You mean Reqbin receives a response with an Upgrade: h2,h2c header? That's not exactly a request to upgrade. That's the server advertising that it supports those protocols for upgrading. The client is free to ignore them. Also, h2 is actually an invalid upgrade protocol, not listed in the standard:

https://www.iana.org/assignments/http-upgrade-tokens/http-up...

https://stackoverflow.com/questions/67583138/why-does-the-ht...

According to that SO post, Apache advertises Upgrade: h2, h2c in its responses, but if the client attempts to upgrade to h2, Apache ignores it. So I believe Reqbin is doing the correct thing in not upgrading to h2. As for upgrading to h2c, that also wouldn't be possible, because that header was sent in response to an https:// request, but h2c only makes sense when upgrading from an http:// request.

dag11 · 2025-05-15T05:29:44 1747286984

Oh man I forgot all about <frameset> and <frame> tags to create navigation.
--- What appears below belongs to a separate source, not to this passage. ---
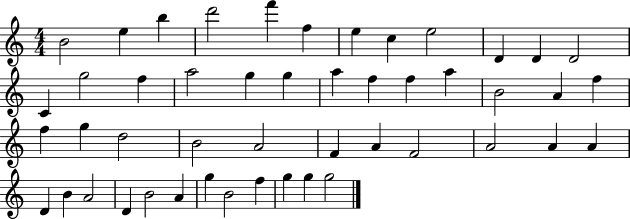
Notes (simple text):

From the early days before we had dynamic sites or static site generators with templates, we had our browsers do our "templating" for us!

dowager_dan99 · 2025-05-15T18:22:59 1747333379

frameset was THE basis for building manual-style resources back in the day!

* nav header; search (if you could figure out how to make it work)

* Table of contents

* main content pane

fun times!

yawnxyz · 2025-05-15T06:44:01 1747291441

I love how the new Space Jam website is ALSO in the 90's style! https://www.spacejam.com/2021/

silisili · 2025-05-15T05:15:17 1747286117

Nice! Never knew that. I wish more companies with popular sites did this. I'm sure it cost them about no money nor time to just shovel it off like this.

Lammy · 2025-05-15T05:24:04 1747286644

>look inside

>Google Analytics

reddalo · 2025-05-15T06:27:45 1747290465

They moved everything under /1996 when the new movie came out, and while doing so they broke some pages.